=== Exercise requirements ===
Whenever a line in the entries below contains "Chevrolet", copy that line.

(Beginning of Provided records)

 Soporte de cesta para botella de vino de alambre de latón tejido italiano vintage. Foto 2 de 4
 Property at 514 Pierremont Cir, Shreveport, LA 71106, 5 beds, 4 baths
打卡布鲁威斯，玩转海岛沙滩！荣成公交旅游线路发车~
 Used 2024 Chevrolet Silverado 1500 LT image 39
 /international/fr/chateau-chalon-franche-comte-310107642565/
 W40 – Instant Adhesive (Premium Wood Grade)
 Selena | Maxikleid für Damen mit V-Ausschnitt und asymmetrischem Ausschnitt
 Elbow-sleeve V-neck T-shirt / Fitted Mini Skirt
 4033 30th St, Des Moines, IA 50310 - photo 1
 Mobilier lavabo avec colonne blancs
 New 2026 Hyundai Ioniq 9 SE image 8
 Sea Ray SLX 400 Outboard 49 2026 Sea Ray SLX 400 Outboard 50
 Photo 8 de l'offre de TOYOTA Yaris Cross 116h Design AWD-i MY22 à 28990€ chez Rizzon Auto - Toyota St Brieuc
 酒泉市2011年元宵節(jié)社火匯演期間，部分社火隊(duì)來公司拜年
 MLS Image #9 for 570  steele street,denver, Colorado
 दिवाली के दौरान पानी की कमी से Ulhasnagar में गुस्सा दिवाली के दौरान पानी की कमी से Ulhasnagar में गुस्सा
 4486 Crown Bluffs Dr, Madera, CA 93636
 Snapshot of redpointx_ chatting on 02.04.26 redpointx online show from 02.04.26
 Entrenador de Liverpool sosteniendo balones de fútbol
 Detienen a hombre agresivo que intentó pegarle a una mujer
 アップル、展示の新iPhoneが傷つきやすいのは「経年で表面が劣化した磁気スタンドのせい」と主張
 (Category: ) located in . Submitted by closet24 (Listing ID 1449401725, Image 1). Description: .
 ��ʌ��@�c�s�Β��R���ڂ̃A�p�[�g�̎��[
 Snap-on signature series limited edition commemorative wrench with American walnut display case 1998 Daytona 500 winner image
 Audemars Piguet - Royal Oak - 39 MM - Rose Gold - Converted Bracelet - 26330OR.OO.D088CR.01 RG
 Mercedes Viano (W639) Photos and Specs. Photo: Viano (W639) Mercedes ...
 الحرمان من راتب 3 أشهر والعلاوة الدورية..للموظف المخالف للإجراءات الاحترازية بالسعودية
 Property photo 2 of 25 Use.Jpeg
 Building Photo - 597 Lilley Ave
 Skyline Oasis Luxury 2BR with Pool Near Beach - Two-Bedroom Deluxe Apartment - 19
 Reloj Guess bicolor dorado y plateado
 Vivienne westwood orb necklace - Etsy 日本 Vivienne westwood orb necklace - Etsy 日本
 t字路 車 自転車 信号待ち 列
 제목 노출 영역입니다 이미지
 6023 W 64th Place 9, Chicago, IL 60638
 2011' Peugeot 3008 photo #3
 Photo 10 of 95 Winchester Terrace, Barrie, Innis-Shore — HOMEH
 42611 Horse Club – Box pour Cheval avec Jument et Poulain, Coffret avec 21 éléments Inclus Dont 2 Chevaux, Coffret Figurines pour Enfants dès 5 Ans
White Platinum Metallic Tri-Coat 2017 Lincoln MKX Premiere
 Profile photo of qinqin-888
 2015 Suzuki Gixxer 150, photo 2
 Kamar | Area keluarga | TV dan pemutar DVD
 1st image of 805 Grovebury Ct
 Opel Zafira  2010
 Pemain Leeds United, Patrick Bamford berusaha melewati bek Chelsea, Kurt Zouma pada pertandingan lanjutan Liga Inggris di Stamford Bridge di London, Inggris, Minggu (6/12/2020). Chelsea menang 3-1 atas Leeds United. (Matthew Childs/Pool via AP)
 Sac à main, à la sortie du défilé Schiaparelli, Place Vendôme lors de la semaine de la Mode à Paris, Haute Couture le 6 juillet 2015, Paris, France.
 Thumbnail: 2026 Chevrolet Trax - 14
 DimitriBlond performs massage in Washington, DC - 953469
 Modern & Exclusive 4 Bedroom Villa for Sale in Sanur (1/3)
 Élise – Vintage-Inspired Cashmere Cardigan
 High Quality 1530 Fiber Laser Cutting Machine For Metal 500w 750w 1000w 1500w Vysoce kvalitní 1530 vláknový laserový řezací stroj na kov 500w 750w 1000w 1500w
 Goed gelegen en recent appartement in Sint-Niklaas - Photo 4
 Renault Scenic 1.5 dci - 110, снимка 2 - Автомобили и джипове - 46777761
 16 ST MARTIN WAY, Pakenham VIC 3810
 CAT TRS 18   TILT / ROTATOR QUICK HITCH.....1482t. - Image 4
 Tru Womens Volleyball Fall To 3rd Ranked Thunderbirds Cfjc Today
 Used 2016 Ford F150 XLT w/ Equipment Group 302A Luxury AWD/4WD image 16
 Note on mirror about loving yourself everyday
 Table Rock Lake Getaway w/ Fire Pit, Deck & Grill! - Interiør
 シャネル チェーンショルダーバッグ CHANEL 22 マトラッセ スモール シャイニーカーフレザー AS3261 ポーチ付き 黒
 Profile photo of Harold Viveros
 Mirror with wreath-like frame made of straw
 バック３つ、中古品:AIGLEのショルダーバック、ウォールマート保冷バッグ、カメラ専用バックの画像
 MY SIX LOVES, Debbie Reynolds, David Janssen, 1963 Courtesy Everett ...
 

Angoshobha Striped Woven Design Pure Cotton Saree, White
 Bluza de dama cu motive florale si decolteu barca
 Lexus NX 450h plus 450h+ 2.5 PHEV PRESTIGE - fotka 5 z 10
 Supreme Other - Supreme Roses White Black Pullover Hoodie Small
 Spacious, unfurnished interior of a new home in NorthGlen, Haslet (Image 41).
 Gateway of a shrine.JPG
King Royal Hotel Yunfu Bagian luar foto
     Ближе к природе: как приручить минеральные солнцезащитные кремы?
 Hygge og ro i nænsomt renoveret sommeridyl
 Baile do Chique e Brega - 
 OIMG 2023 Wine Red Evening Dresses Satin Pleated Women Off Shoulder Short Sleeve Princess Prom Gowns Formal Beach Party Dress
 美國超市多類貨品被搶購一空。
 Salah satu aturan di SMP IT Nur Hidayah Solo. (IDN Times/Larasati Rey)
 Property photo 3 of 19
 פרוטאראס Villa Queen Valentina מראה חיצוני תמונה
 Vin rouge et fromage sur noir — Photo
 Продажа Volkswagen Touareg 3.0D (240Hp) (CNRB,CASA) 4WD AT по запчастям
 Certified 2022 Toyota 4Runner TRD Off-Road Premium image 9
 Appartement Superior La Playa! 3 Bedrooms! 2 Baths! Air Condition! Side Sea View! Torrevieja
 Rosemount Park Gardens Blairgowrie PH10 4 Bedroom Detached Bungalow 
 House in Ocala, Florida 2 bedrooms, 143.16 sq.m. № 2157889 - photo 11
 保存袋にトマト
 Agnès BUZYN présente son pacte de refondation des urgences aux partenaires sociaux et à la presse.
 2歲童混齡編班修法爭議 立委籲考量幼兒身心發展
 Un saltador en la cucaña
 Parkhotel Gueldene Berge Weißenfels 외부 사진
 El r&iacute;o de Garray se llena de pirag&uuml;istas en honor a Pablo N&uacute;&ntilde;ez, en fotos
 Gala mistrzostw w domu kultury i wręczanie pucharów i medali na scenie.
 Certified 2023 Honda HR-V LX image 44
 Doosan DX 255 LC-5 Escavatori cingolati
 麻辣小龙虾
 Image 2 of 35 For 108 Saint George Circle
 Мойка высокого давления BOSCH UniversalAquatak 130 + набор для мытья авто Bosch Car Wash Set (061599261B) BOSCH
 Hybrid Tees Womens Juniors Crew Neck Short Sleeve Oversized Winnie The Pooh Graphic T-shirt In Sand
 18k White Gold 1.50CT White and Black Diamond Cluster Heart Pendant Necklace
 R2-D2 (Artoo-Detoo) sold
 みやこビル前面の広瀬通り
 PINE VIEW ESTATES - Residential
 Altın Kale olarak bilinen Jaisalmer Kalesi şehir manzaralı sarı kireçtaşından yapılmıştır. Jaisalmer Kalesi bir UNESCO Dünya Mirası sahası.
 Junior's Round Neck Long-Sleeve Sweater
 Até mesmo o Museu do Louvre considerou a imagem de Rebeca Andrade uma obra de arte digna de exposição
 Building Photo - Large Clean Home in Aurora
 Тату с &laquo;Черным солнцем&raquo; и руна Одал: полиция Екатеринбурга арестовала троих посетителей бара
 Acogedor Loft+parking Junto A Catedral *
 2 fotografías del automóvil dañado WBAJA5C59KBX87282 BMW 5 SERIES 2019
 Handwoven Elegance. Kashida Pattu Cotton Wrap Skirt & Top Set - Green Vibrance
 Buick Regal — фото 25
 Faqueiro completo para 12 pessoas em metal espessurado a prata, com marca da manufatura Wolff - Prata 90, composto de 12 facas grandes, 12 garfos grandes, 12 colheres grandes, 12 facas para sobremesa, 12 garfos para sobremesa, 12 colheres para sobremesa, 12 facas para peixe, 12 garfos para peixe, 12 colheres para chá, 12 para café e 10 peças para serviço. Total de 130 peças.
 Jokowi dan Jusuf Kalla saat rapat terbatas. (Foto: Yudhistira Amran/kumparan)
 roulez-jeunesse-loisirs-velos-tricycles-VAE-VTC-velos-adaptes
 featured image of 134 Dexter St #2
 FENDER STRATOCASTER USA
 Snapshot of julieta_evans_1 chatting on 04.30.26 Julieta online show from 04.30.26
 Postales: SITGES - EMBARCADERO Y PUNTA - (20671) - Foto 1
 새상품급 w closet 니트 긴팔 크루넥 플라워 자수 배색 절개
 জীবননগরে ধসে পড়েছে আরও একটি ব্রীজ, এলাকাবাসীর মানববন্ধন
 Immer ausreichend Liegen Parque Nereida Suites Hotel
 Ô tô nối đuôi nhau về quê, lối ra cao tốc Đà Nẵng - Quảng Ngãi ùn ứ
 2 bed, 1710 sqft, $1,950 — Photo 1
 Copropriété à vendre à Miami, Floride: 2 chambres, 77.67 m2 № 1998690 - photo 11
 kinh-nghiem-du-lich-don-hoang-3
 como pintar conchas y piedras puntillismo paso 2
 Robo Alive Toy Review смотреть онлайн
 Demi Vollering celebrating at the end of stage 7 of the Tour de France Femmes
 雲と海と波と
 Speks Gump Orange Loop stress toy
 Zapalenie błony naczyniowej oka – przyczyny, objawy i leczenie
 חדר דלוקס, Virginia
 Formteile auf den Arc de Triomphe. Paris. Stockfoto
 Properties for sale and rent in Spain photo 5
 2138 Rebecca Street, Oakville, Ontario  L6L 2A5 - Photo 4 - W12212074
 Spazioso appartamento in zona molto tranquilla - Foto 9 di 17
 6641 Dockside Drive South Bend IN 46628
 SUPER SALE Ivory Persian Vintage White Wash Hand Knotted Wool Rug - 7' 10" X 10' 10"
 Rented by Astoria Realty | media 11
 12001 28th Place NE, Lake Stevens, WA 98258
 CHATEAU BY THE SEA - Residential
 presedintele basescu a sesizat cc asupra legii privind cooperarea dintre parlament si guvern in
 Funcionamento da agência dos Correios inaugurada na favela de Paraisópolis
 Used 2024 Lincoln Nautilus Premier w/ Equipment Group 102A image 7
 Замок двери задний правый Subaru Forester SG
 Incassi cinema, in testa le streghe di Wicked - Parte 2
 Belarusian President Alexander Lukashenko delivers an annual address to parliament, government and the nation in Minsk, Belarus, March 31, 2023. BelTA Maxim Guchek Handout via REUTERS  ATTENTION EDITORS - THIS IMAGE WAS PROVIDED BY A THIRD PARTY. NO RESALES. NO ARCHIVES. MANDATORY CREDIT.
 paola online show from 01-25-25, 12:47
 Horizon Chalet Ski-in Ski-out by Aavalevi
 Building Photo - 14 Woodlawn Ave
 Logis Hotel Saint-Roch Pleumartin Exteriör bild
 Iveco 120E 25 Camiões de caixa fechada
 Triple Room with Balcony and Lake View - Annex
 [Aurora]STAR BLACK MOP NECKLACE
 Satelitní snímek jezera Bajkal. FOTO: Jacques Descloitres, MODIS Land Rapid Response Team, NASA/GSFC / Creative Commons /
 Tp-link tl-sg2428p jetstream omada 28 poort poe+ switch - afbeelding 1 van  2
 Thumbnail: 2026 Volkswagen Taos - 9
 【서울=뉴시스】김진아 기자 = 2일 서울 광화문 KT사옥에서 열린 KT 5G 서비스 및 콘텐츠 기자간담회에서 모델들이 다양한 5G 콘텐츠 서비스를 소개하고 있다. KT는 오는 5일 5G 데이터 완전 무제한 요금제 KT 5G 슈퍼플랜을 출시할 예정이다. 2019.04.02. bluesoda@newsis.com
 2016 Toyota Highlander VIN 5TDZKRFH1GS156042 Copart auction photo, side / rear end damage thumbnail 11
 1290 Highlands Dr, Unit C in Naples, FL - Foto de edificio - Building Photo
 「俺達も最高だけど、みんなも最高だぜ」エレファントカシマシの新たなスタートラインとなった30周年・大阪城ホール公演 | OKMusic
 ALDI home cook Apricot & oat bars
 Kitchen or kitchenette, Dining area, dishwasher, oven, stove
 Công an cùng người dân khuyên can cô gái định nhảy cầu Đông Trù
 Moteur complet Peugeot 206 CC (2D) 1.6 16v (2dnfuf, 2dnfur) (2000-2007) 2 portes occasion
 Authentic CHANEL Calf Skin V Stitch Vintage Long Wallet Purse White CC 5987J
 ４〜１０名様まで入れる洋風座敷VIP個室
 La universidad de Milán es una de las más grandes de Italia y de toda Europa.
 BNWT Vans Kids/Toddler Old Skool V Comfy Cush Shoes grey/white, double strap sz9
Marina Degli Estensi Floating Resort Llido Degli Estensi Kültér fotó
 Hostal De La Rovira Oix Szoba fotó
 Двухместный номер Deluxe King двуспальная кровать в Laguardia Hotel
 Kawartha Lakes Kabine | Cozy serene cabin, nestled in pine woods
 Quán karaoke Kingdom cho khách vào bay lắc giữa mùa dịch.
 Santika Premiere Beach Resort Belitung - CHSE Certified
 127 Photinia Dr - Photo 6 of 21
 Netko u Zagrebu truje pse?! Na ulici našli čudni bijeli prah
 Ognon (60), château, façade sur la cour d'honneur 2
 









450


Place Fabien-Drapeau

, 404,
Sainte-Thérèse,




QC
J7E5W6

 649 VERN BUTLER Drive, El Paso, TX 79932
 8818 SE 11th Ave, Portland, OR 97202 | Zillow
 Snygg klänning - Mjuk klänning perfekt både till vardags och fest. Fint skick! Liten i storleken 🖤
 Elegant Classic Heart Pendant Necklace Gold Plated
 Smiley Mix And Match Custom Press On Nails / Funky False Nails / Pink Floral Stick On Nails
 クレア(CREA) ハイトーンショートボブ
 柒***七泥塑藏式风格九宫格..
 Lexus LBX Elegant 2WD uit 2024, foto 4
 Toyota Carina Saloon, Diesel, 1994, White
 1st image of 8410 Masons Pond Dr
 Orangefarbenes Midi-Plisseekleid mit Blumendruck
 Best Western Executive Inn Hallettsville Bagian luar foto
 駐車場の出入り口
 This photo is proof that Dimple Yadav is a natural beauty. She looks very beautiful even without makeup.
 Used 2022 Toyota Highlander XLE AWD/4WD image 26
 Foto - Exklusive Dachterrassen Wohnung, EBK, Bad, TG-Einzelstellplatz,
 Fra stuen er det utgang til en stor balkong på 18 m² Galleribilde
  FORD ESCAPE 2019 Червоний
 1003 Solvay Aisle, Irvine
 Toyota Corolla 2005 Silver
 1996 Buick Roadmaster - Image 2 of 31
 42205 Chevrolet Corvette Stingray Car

(End of Provided records)

=== Finished exercise ===
 Used 2024 Chevrolet Silverado 1500 LT image 39
 Thumbnail: 2026 Chevrolet Trax - 14
 42205 Chevrolet Corvette Stingray Car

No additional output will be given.